Czerwony szlak rowerowy Gorce
Na szczęście śnieg nie jest bardzo mokry, i nawet gdy trzeba się przespacerować w butach pozostaje sucho.
Gorce na gravelu
gorce na rowerze
Gorce na gravelu
Gorce na gravelu

Jaworzyna Kamienicka
Po dwóch godzinach jazdy docieramy na halę pod Jaworzyną Kamienicką.
Jaworzyna Kamienicka
Krokusy na łące już nieco przywiędłe, ale cieszę się, że udało się je w tym roku zobaczyć.
Jaworzyna Kamienicka
Jak zwykle żałuję, że nie wzięłam ze sobą Alfy z lepszym obiektywem a tylko mniejszego RXa. Ale jakoś tak jest, że mniejszy aparat na wycieczkach wygrywa.

Jaworzyna Kamienicka
Z hali rozciąga się bardzo widokowa panorama. Gorce pod tym względem sa bardzo atrakcyjne.
Jaworzyna Kamienicka
Oczywiście drony, kamery i aparaty idą w ruch. Jak to dobrze jechać w towarzystwie innego blogera, który rozumie, gdy co chwilę się zatrzymujesz i wyciągasz aparat.
Jaworzyna Kamienicka
Pod Bulandową Kapliczką jest idealne miejsce na przerwę i kanapkę z widokiem.

Gorce na gravelu

Chwila przerwy jest też okazją do zadania Pawłowi kilku pytań.

Skąd pomysł na Endurofinę?

W zasadzie to taki mały bunt był. Zauważyłem, że wiele osób „enduro” utożsamia jedynie z rowerem ze 160mm skoku, sztucznymi ścieżkami, tzw. miejscówkami oraz zawodami. Enduro stało się mocnym produktem marketingowym – nie neguję tego, taka kolej rzeczy.
Postanowiłem pokazać, że enduro to nie tylko emocje związane z przejechaniem „Twistera” w trzeciej dziesiątce na Stravie, chciałem podzielić się „moim enduro” – tym eksploracyjnym.
Jako, że kręcenie i montaż filmów to moje drugie hobby (choć rowery, to już raczej pasja) – postanowiłem połączyć te dwa zajęcia w jedno, przy okazji dzieląc się z większa publicznością moim punktem widzenia. Początkowo filmy pozostawiały wiele do życzenia, jednak z miesiąca na miesiąc, coraz lepiej udawało mi się „przelewać” na ekran emocje towarzyszące eksploracjom.

Jaki rodzaj kolarstwa uprawiasz? Potrafisz się jakoś zaszufladkować?

Enduro – musi być pojeżdżone i pozjeżdżane.

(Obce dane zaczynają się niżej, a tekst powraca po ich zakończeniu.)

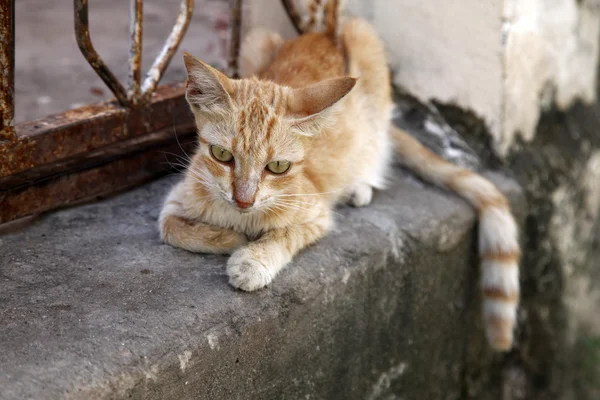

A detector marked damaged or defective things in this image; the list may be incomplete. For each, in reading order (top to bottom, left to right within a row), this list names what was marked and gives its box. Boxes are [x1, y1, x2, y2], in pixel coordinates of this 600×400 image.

rusty metal gate [0, 0, 248, 223]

Przy czym podjechanie 5x na Kozią czy Magurkę nie traktuję jako „pojeżdżone”, a jako bardzo dobry trening i zabawę – dlatego często bywam tam po pracy. Od tego sezonu doszedł gravel – to spowodowało, że tereny dobrze mi znane eksploruje od nie znanej mi do tej pory strony. Czyli jednym słowem: rowerowa eksploracja, o ile takie pojęcie istnieje.

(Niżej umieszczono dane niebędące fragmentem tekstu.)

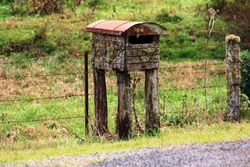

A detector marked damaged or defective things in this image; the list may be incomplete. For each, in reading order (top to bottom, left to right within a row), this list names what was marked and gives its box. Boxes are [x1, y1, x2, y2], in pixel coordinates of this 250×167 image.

rusty metal roof [85, 19, 166, 35]
rusty metal sheet [85, 20, 166, 36]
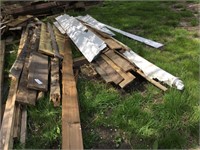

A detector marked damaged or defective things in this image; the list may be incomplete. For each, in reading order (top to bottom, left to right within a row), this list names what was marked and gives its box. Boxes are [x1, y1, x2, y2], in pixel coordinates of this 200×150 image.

splintered wood [27, 52, 48, 91]
splintered wood [61, 39, 82, 150]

Skoro masz czas po pracy, to co robisz zawodowo?

Z wykształcenia „Inżynier Eksploatacji Złóż”, zawód wykonywany – „osoba dozoru górniczego”. Tu chyba nie ma sensu więcej dopisywać.

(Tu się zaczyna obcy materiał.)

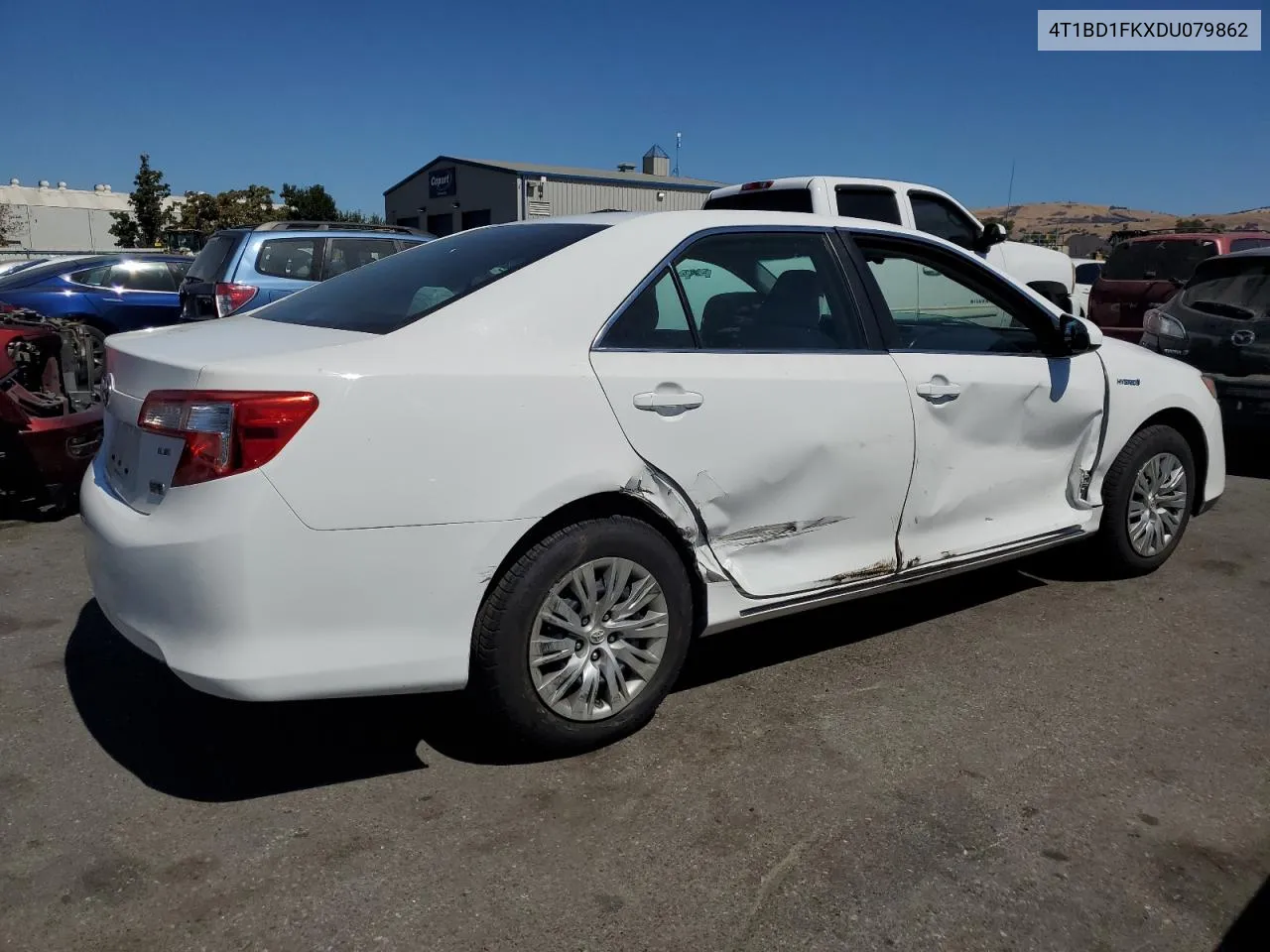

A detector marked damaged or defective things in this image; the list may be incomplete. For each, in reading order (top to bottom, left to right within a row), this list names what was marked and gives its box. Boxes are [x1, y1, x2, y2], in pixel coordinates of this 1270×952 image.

damaged white toyota camry [81, 214, 1218, 751]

O zawodzie Pawła dowiesz się więcej z tego odcinka – https://youtu.be/NiONeXEcpgU

No dobra, to jak wygląda twój idealny dzień na rowerze?

Mój idealny dzień na rowerze musi być poprzedzony przygotowaniem, siedzeniem nad mapami, szukaniem dobrego podjazdu/zjazdu, czegoś ciekawego w danej okolicy, wycofania awaryjnego.
I w zasadzie większość moich wypadów takie są/były.
Jednak trip, który mocno utkwił w mojej pamięci i można by go oznaczyć jako „ten jeden”, to eksploracja Sospel – cały dzień jazdy, po pięknych nieznanych szlakach, jakieś „małe przygody”, które dobrze się skończyły, finalny zjazd długim singlem przy zachodzącym słońcu – coś pięknego :) No i co ważne, to był pierwszy raz kiedy w 100% przekonałem się, że e-bike to najlepszy wybór jakiego mogłem dokonać jeśli chodzi o enduro.

Tutaj wspomniany przez Pawła vlog o Sospel – Endurofina – Sospel

Przygotowania, mapy, planowanie, czy w takim razie jest ktoś na kim się wzorujesz, ktoś cię inspiruje?

W zasadzie nie, również nie czytam opinii na temat szlaków, miejsc czy sprzętu – każdy patrzy przez inny pryzmat, więc w zasadzie jedyne co oglądam godzinami to mapy i wrzucam „do ulubionych” miejsca gdzie chciałbym pojechać, szlaki, które wg mapy powinny być ciekawe.

A masz w takim razie jakąś ulubioną trasę lub miejsce do jazdy na rowerze?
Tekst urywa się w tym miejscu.